# WHAT YOU NEED TO DO:
Keep images out and repeat all data exactly.

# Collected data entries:
[Start of Attachment]

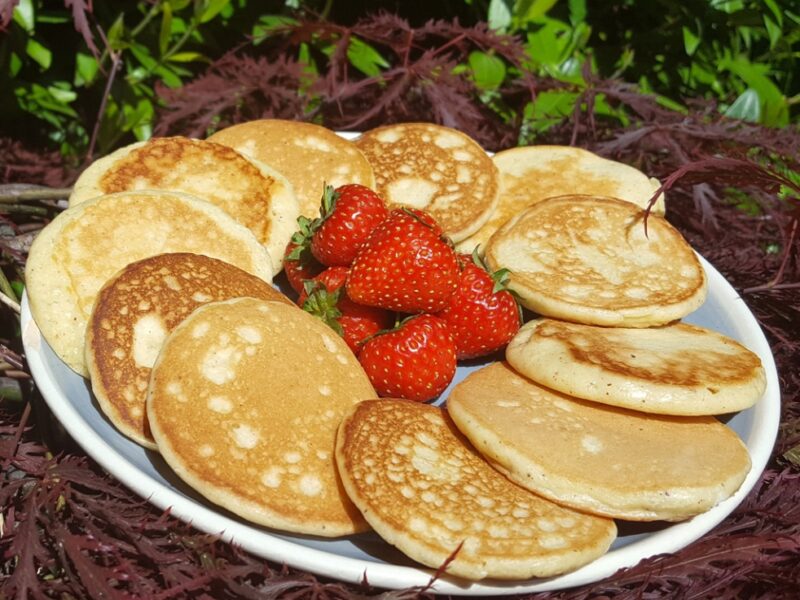 Dairy-free, gluten-free, low-carb almond pancakes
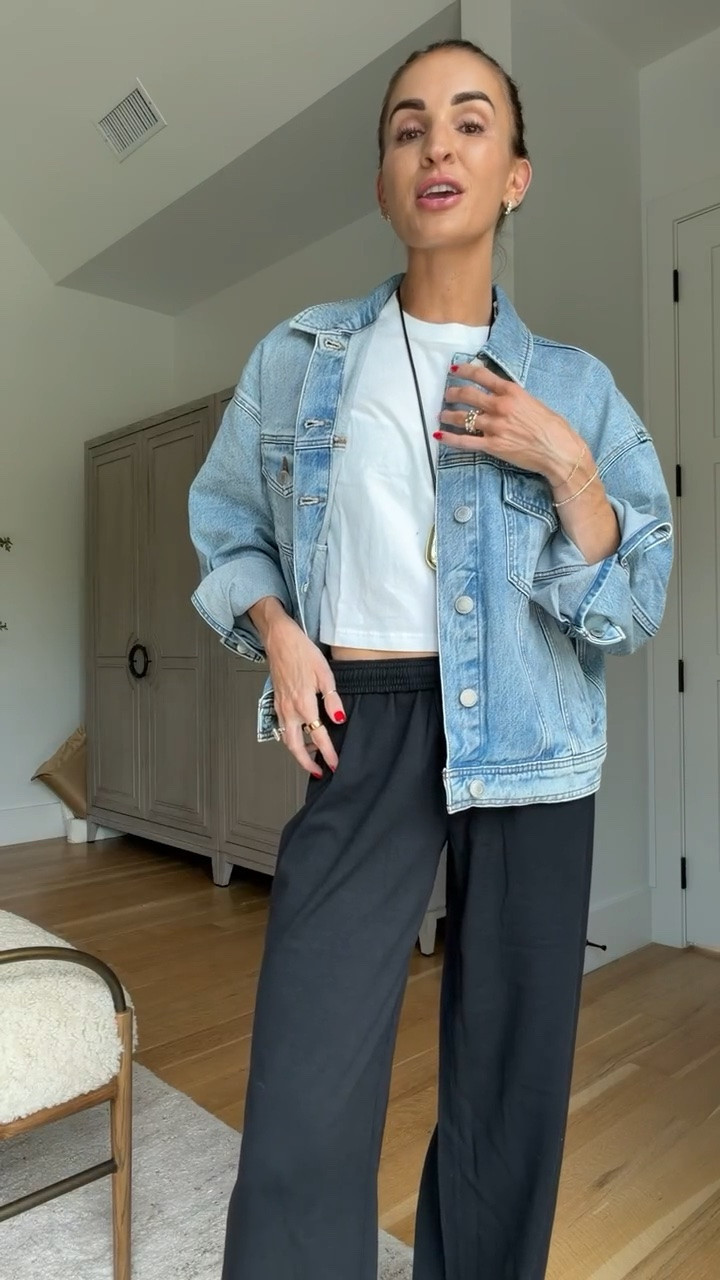 Comfortable staples you’ll reach for ALL the time! 🙌🏼 seriously SO impressed with this denim jacket + new style of sweatpants from vuori 💯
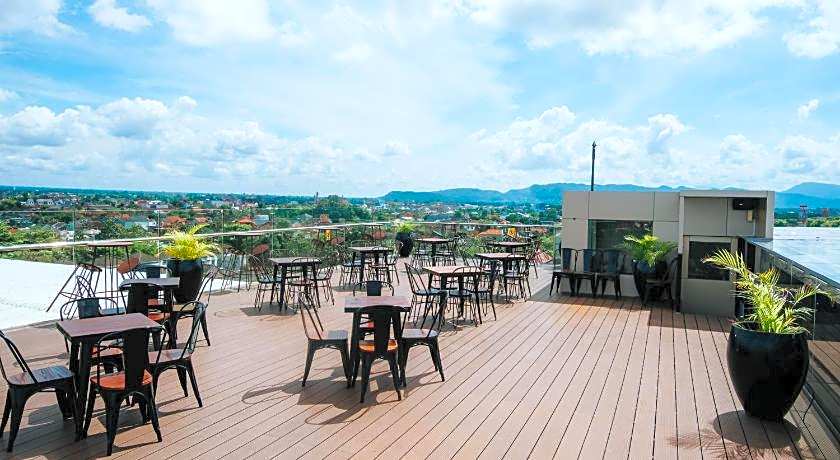 Platinum Adisucipto Hotel & Conference Center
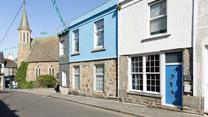 A stone's throw from the harbour and beach, Dixie's View is ideally located for exploring St Ives.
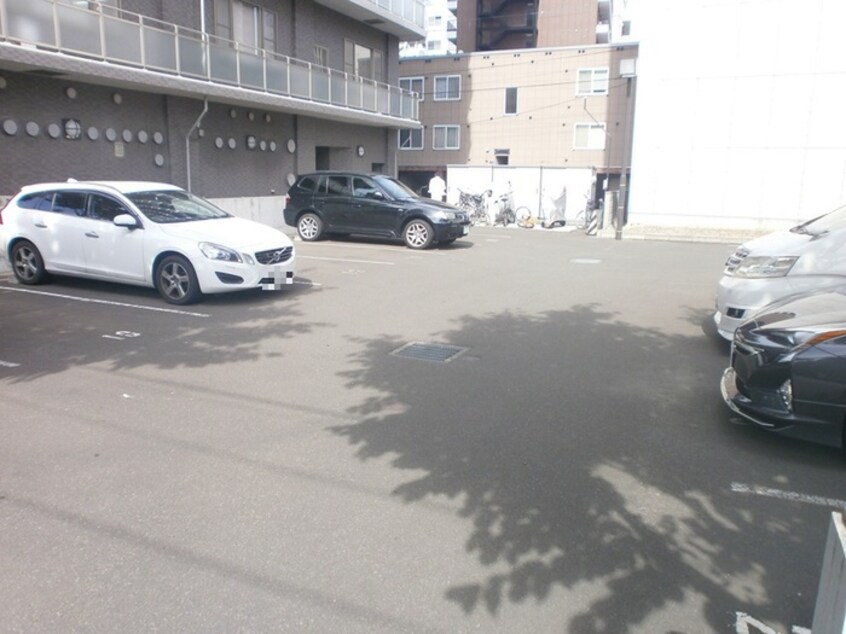 駐車場 ＪＥＷＥＬ　ＴＯＷＥＲ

[End of Attachment]

# ANSWER SPACE:
 Dairy-free, gluten-free, low-carb almond pancakes
 Comfortable staples you’ll reach for ALL the time! 🙌🏼 seriously SO impressed with this denim jacket + new style of sweatpants from vuori 💯
 Platinum Adisucipto Hotel & Conference Center
 A stone's throw from the harbour and beach, Dixie's View is ideally located for exploring St Ives.
 駐車場 ＪＥＷＥＬ　ＴＯＷＥＲ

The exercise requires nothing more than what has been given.